I was down there during the spring bear hunts and seen a ton of goats all over the place. So I don't think the numbers are as bad as you think they are. 
I watch the herds on the San Rafeal North unit all the time(since I live close) and I haven't seen hardly any goats this year. But I have noticed alot more water this year than in most and when I got out and hiked and found these remote ponds and pools of water I started to find the antelope. I think because there is more water in remote areas where they can hide, they are staying in these areas longer than in years past.


----------



## mikevanwilder (Nov 11, 2008)

Oh and a 15 year old should be able to go on a good hike without hiking him to death. Thats what you will be doing on any deer or elk hunt he will be going on.


----------



## Huge29 (Sep 17, 2007)

I am pretty sure that there is not a single antelope in the whole state of Utah, so to have seen 20 is amazing! :mrgreen: Maybe you were referring to the pronghorn?? I checked the proc and sure enough, the DWR does not issue a single permit. Sorry, I had to, officially there are zero antelope in Utah, the pronghorn is is no way related to the antelope from Africa.


----------



## katorade (Sep 23, 2007)

kill_'em_all said:


> it was pretty sad. i have the best binos and spotting scope money can buy and we still couldnt glass up hardly any. we went everywhere to look for them. up high in the pines, down low in the cedars and everywhere in between. we had to put on a 1.5 mile stalk to get the one we did kill. almost everyone we talked to said no one was killing anything and that they were very upset with the numbers they saw of goats and people.


You might be a road hunter if....... a 1.5 mile hike is a death march.
With that many people your seeing drive the roads, they must be off the roads.

Sorry for joking.


----------



## Huge29 (Sep 17, 2007)

katorade said:


> You might be a road hunter if....... a 1.5 mile hike is a death march.
> With that many people your seeing drive the roads, they must be off the roads.
> 
> Sorry for joking.


I have not ever hunted them myself, but from three friends who have, they did not have to do any real hunting. All three simply spotted them from the road and then made a stalk within shooting distances. I believe I would do it the same way from my limited experience in seeing pronghorn's habitat.


----------



## katorade (Sep 23, 2007)

Huge I would hunt them the same way also, but if I wasn't seeing anything I would change it up.


----------



## Huge29 (Sep 17, 2007)

katorade said:


> Huge I would hunt them the same way also, but if I wasn't seeing anything I would change it up.

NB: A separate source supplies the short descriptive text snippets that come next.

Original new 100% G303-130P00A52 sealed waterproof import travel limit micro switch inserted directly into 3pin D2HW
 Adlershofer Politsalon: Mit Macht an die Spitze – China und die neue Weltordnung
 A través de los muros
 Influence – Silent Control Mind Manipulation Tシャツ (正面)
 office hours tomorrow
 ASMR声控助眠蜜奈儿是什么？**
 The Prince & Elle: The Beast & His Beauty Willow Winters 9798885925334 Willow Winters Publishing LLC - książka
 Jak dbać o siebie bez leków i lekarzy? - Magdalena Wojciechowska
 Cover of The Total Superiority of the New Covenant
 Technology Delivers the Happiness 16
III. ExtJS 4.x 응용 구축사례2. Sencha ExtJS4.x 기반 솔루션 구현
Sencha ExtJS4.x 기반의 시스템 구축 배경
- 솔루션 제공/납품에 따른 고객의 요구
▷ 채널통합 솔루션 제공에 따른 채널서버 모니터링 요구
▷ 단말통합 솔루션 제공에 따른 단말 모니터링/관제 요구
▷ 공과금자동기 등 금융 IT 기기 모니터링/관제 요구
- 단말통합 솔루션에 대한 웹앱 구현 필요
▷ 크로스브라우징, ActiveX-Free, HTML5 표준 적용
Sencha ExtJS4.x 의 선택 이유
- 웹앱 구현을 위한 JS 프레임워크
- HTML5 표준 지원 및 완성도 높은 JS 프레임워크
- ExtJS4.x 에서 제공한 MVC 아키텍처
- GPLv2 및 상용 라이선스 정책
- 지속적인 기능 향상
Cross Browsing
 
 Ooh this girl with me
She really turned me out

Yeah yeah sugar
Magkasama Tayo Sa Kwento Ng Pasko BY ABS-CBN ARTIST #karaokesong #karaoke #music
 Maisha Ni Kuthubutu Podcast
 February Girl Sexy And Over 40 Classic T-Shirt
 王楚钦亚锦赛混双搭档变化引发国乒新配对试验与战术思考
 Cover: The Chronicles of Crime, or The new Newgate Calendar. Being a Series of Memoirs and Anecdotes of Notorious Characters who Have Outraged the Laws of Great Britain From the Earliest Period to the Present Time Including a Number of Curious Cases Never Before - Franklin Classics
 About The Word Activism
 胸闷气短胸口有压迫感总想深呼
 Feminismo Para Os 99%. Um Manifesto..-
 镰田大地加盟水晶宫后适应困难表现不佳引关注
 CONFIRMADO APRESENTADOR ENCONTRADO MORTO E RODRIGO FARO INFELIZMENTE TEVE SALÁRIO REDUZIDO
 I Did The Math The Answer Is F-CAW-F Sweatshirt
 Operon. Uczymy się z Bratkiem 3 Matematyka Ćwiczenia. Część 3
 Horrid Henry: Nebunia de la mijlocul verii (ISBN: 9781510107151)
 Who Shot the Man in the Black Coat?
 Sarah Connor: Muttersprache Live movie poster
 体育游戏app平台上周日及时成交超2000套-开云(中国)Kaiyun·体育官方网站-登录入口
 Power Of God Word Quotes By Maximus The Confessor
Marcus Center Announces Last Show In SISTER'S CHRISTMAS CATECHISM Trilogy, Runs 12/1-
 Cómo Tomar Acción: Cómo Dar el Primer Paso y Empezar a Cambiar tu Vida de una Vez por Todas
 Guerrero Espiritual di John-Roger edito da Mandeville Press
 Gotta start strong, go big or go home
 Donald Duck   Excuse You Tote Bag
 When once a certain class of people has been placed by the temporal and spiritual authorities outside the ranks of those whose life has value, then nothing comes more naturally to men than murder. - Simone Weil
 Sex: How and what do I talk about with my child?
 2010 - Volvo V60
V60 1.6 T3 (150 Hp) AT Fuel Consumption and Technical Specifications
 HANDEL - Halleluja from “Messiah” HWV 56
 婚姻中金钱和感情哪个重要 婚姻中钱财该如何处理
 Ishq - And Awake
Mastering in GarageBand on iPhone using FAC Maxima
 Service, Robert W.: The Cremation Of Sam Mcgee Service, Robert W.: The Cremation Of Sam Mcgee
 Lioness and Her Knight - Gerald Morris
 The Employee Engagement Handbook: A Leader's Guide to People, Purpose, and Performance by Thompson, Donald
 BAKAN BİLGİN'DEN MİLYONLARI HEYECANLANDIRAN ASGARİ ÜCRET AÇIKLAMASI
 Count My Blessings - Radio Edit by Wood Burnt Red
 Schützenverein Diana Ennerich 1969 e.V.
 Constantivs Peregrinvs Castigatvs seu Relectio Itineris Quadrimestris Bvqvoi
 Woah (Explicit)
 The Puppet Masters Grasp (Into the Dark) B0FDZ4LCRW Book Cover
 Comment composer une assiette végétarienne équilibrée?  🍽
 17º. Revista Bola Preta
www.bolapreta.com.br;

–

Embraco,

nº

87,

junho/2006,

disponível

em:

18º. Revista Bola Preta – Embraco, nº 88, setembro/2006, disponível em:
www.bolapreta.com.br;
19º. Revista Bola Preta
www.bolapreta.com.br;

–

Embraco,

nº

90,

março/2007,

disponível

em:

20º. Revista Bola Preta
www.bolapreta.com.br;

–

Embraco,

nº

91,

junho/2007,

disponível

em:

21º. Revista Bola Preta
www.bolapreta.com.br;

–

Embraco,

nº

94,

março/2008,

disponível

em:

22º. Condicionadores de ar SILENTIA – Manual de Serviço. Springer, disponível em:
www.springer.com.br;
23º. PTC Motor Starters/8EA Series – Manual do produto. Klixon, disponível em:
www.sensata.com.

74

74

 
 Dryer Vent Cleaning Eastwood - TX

Can't argue with that; that is the definition of insanity I reckon, to expect a different result when the method is still the same...


----------



## clean pass through (Nov 26, 2007)

True about most people road hunting for "Pronghorn" but if it is not working, change up. The animals are there. You just have to find them. 

Did you do any homework before you went down? I have a friend that called me Sunday night and asked how to get down there when he was in passing Loa. Guess he didn't do any scouting and sorry to say it will take a little more effort than he thought as well. 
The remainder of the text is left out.